**PROBLEM:** Each line below from the line with "KM8JECA18PU094366 2023 HYUNDAI" to the line with "An 11-year-old Prince" must be copied exactly, including those two, and no picture may appear in the copy.
————————
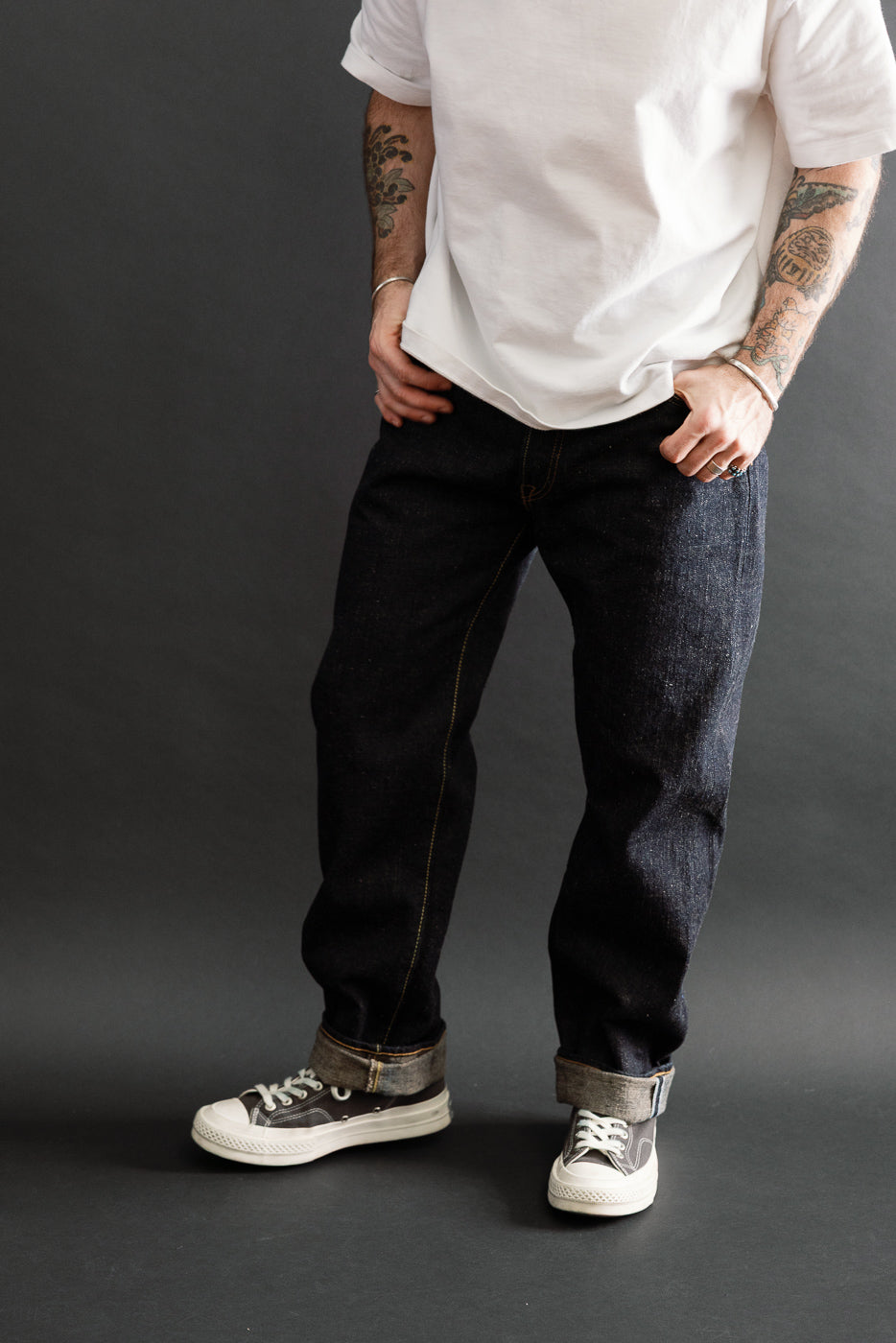 Full body front view of a male model, 5'9
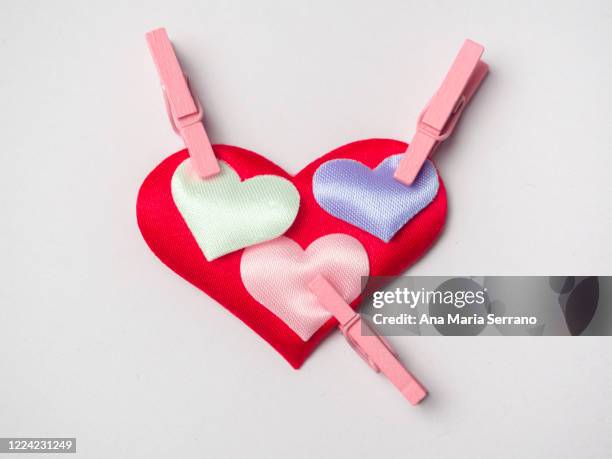 hearts attached with clothespins. love concept - polygamy ストックフォトと画像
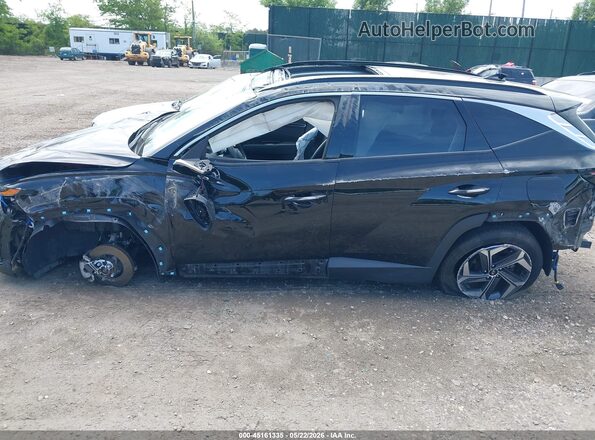KM8JECA18PU094366 2023 HYUNDAI TUCSON HYBRID Black Rear interior view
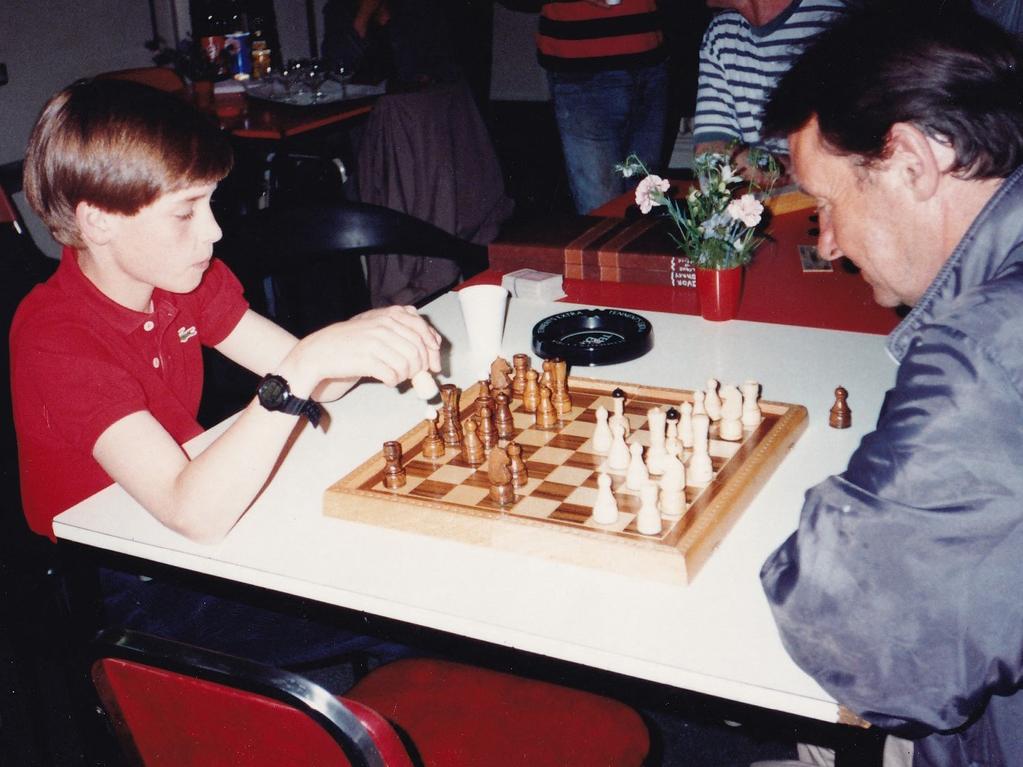 An 11-year-old Prince William (L) playing a game of chess during one of his first visits to homelessness charity, The Passage in London, taken on June 14, 1993. Picture: AFP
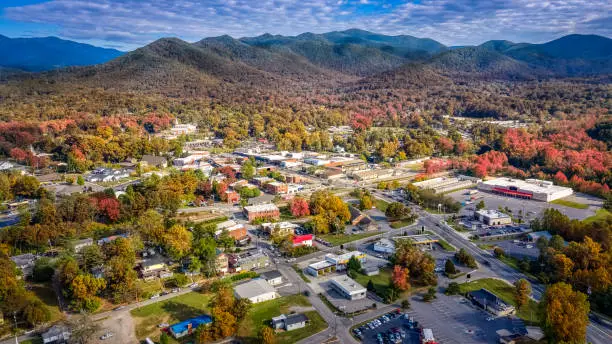 Photo of Aerial view picturesque Asheville neighborhood during the Fall with colors starting to show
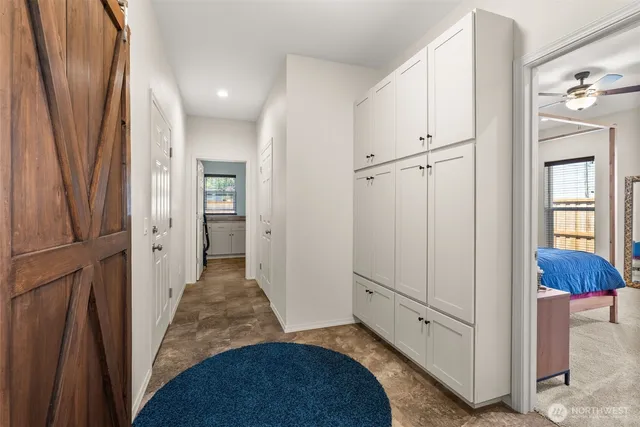 a spacious bedroom with a bed and a large mirror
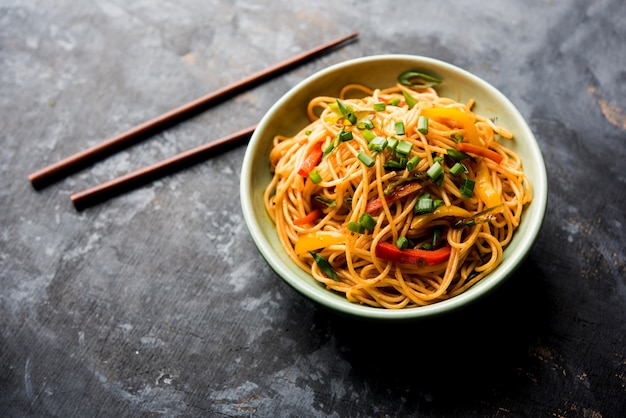 Schezwan Noodles o verdure Hakka Noodles o chow mein è una popolare ricetta indo-cinese, servita in una ciotola o in un piatto con bacchette di legno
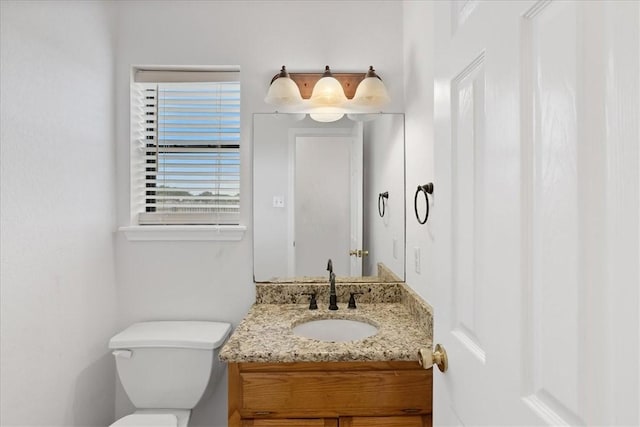 bathroom featuring vanity, a healthy amount of sunlight, and toilet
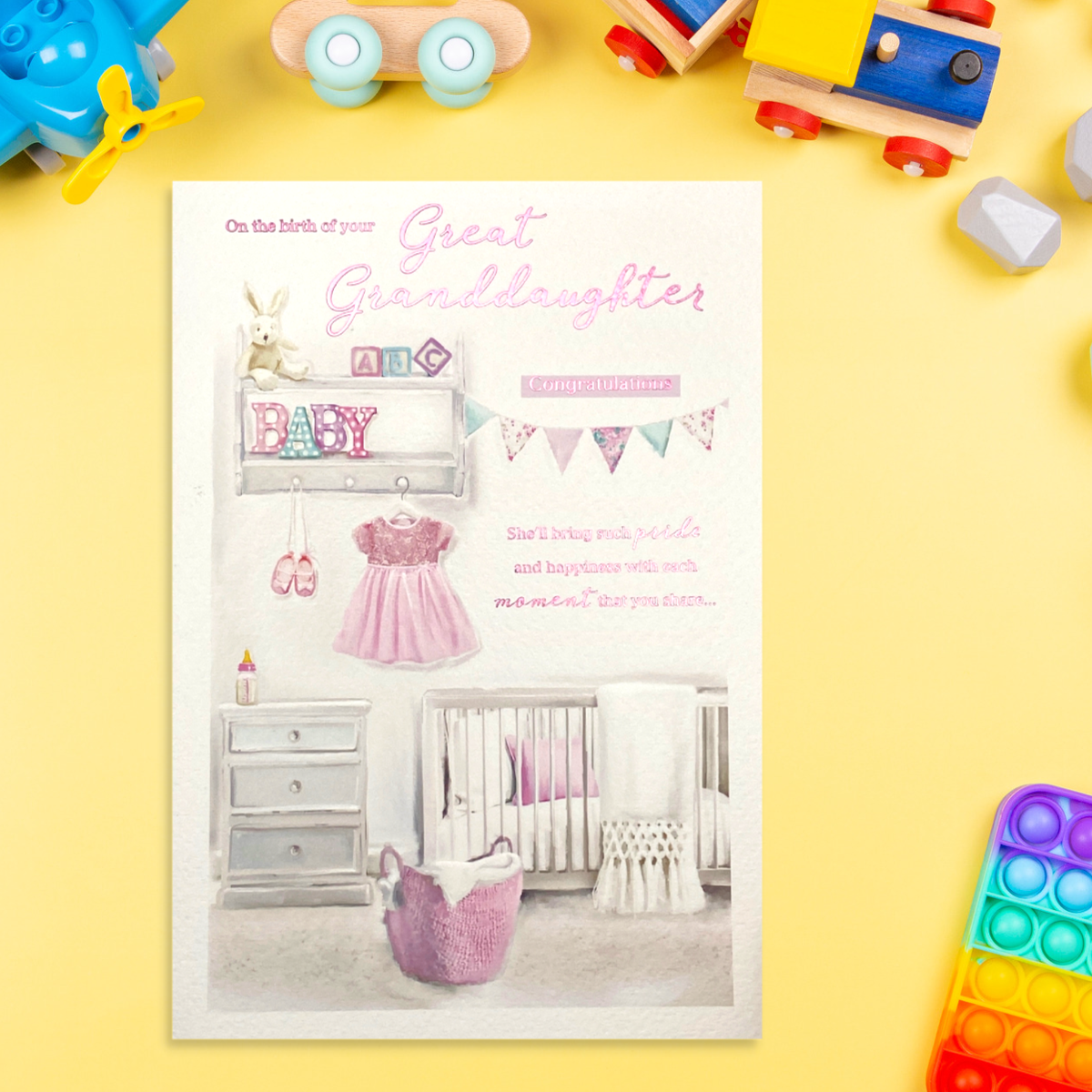 Front image with baby girls nursery image and pink foil text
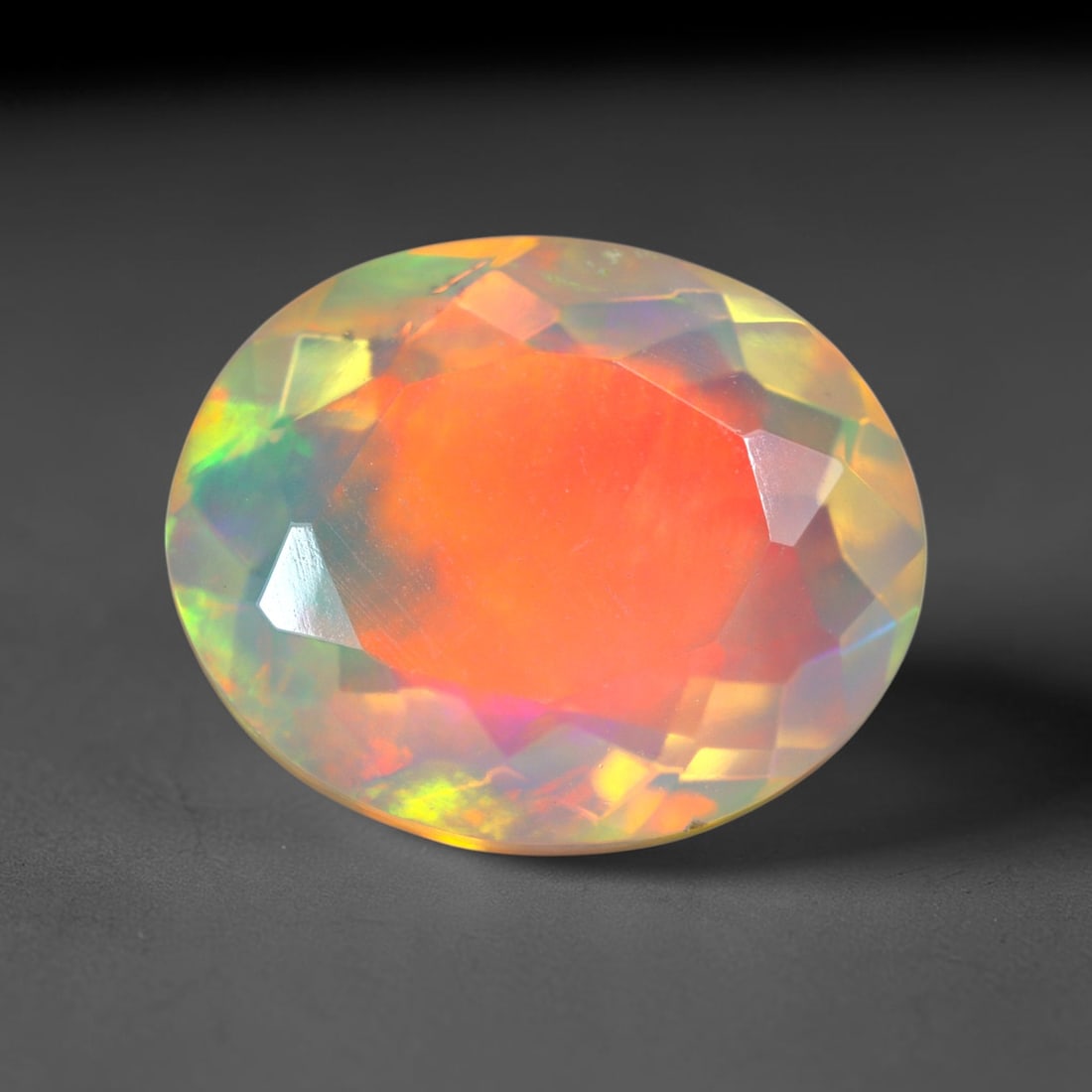 2.47Ct Natural Ethiopian Opal, Faceted Cut - 11.1x9.0x5.5 mm , 665C: Ksmith Heritage Auctioneers Subject: Natural Ethiopian Welo Opal Origin: Ethiopia Treatment: Unheated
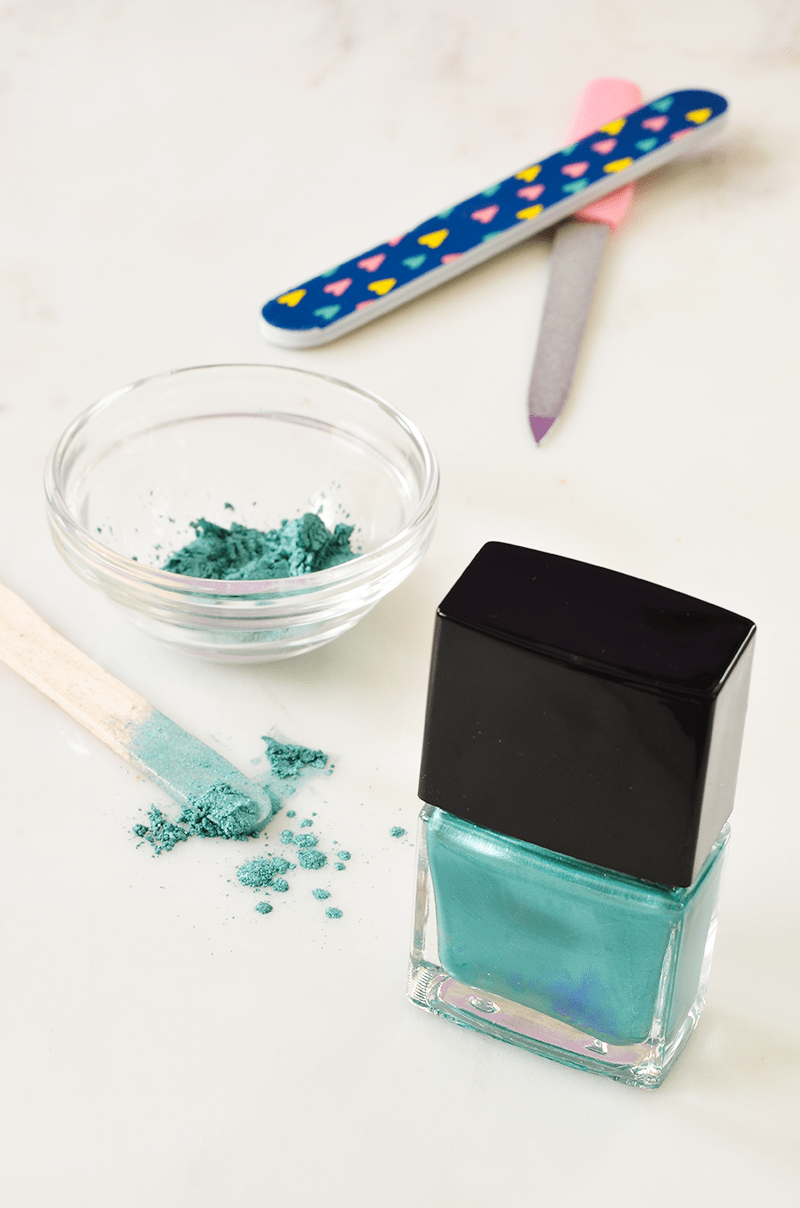 teal nailpolish in a jar with teal powder in a clear bowl and on a popcycle stick with 2 nail files by them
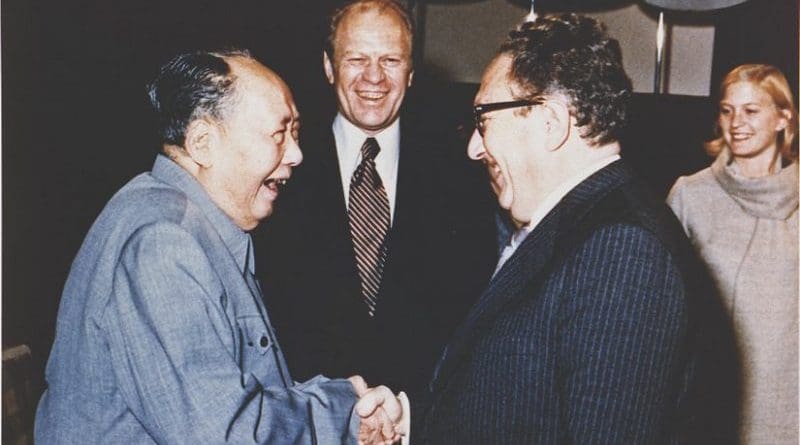 Gerald Ford watches as Henry Kissinger shakes hands with Mao Zedong, December 2, 1975. Photo: Courtesy Gerald R. Ford Library, Wikipedia Commons.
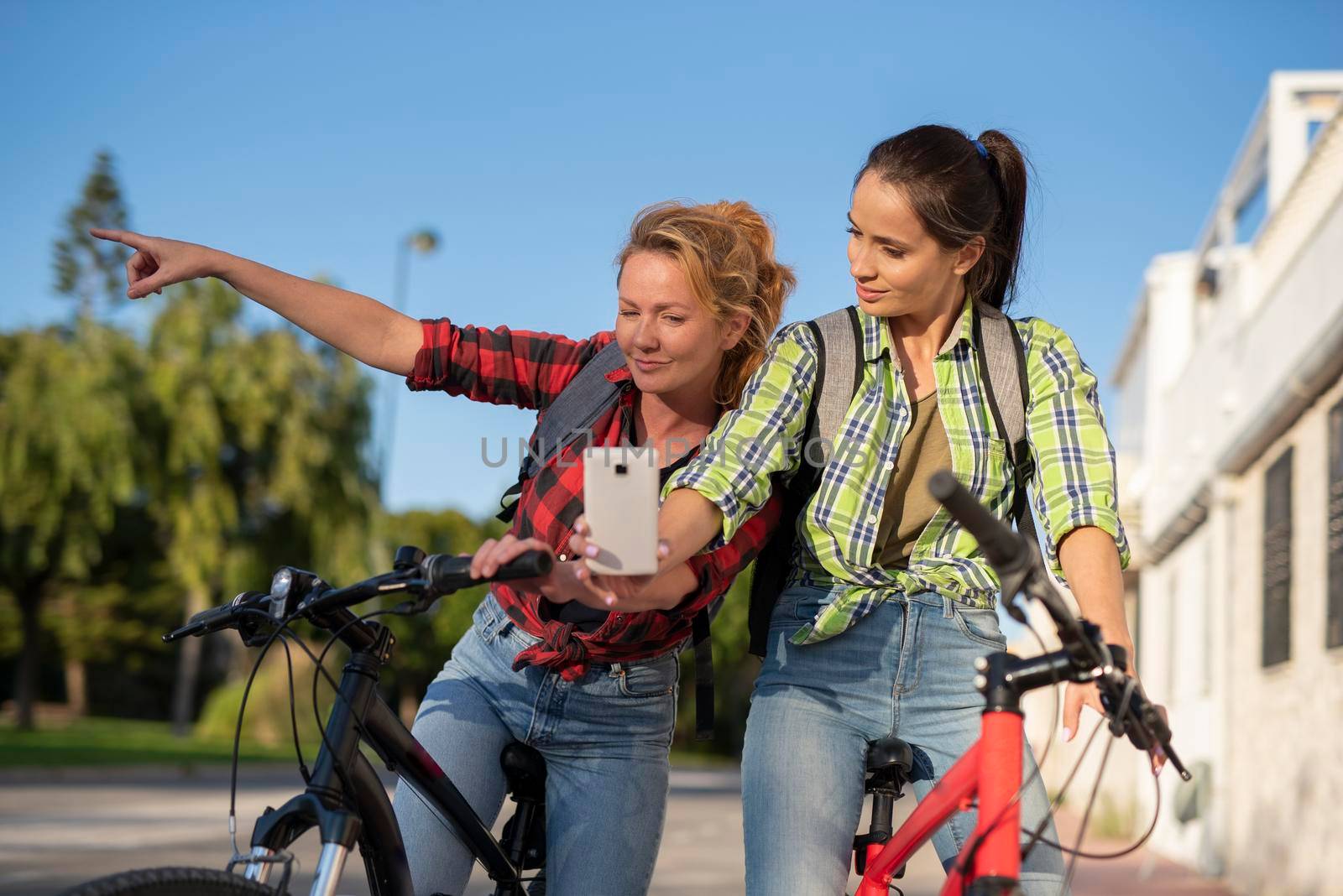 Two pretty young caucasian girls searching the way on a bicycles with smartphone. Best friends enjoying a day on bikes. Sunny summer evening by Alexxoma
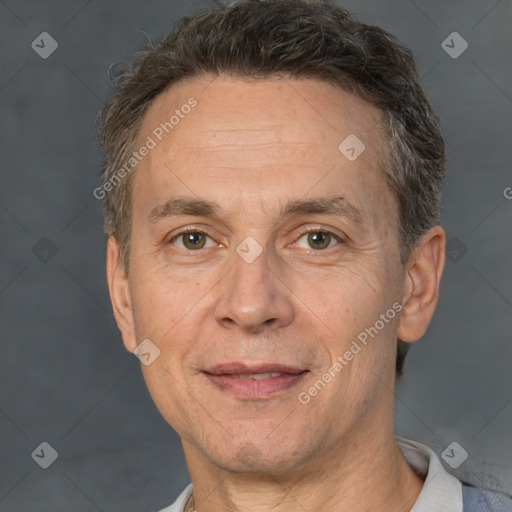 Joyful white middle-aged male with short  brown hair and brown eyes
————————
**FINISHED TASK:**
KM8JECA18PU094366 2023 HYUNDAI TUCSON HYBRID Black Rear interior view
 An 11-year-old Prince William (L) playing a game of chess during one of his first visits to homelessness charity, The Passage in London, taken on June 14, 1993. Picture: AFP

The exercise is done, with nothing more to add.